╭─ DATA TO PROCESS
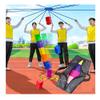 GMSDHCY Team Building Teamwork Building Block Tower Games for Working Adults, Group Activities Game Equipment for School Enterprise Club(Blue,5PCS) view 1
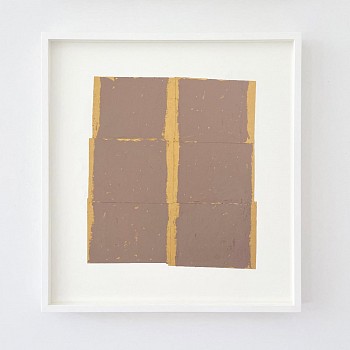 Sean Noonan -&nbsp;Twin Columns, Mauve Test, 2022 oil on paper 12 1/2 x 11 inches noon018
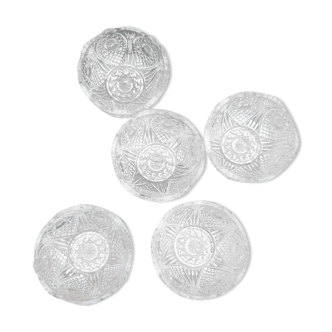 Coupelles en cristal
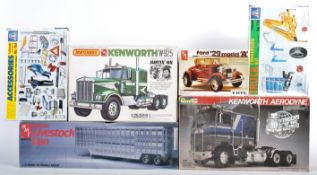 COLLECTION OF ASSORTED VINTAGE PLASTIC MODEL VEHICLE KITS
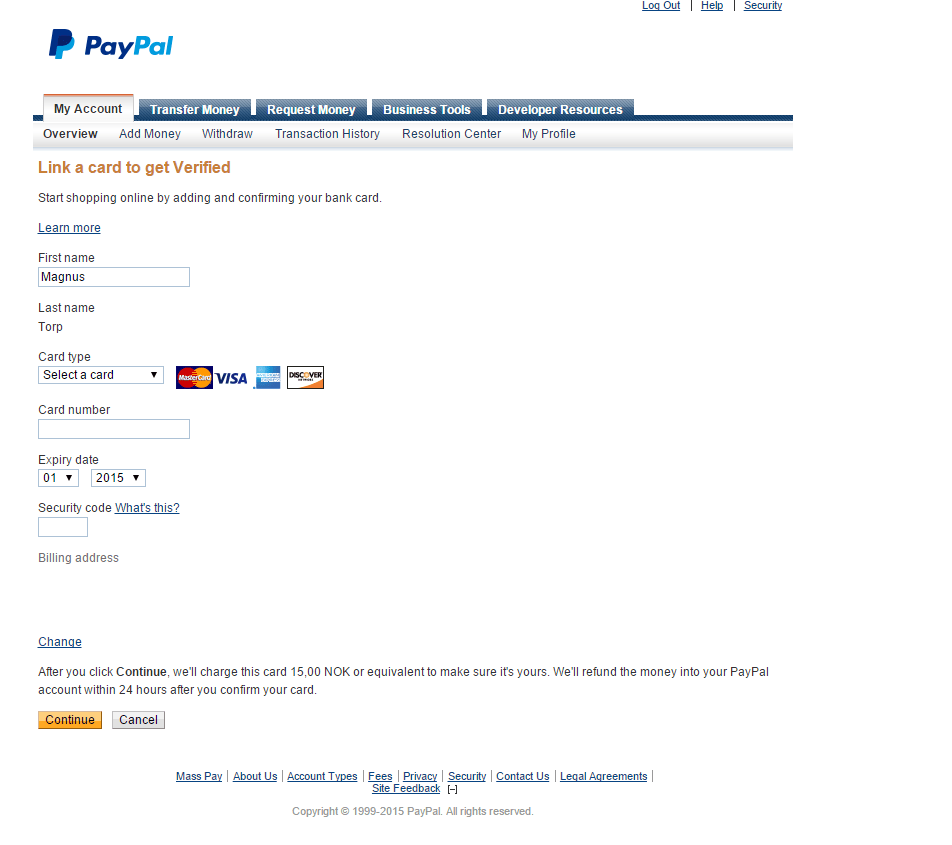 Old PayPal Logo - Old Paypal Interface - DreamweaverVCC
╰─
TASK TO COMPLETE ▸
Lines from the one holding "Sean Noonan -&nbsp;Twin" to the end of the data, both ends included, are to be given again exactly; no pictures belong in the copy.

RESPONSE TO THE EXERCISE ▸
 Sean Noonan -&nbsp;Twin Columns, Mauve Test, 2022 oil on paper 12 1/2 x 11 inches noon018
 Coupelles en cristal
 COLLECTION OF ASSORTED VINTAGE PLASTIC MODEL VEHICLE KITS
 Old PayPal Logo - Old Paypal Interface - DreamweaverVCC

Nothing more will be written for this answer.